The audit will also reveal if the work you were doing is properly aligned with company goals and priorities. It will shed light on areas where you were distracted, where you were the most productive, and which tasks/projects took more time (or less) time than anticipated.
Another significant benefit of a time audit is it will identify unimportant and noncritical activities that take up your day. These are the kinds of things that sneak up on you and steal time, and can be better put to use growing your business. Look for these time drains: not delegating tasks, not managing meetings efficiently (tip: always have an agenda!), and spending too much time writing/responding to emails.
If you’ve done your job as a leader, members of your team can handle a majority of meetings and emails. You hired great people. Now let them do their job.
Repeat after me, “I am the only person responsible for how I spend my time.” Remember you drive your schedule; don’t let others drive it. Block time throughout your day and guard against changing your schedule to work on tasks that are not important or urgent.
The way you allocate your time has a direct correlation to your effectiveness as a leader and, ultimately, the performance of your business. Prudent calendar management will also send a strong signal to your team that you take this seriously.

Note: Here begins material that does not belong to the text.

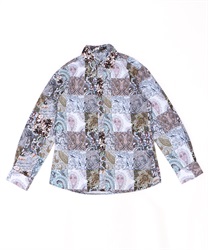 パッチワーク柄シャツ(ベージュ-M)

Plan every day and determine your priorities. Yes, that should be obvious, but you’d be surprised how many business leaders I’ve coached who don’t. When you know your priorities for the day you will be better prepared to reset your work schedule if the unexpected comes your way.
Once your schedule is set, block off chunks of time to work on your priorities. I recommend 90-minute blocks so you can concentrate on big-picture items or work on a group of related tasks. Stay disciplined and don’t allow yourself to go over that amount of time.
Now comes the hard part. Once you start working on each priority you need to remain focused. Close the door and don’t answer the phone unless it’s a critical issue. Avoid checking email. Don’t let distractions slow you down.
The final piece of the puzzle is accountability. Share your tasks, priorities, and deadlines with a colleague. Meet with that person at least monthly to review how well you managed your time. The probability of success increases when you have someone watching your progress and coaching you cross the finish line.
Time will always be a precious resource for business leaders. But if you follow these steps you’ll find more time each day that you can spend on improving operations, staying ahead of the competition, and positioning your company for future growth.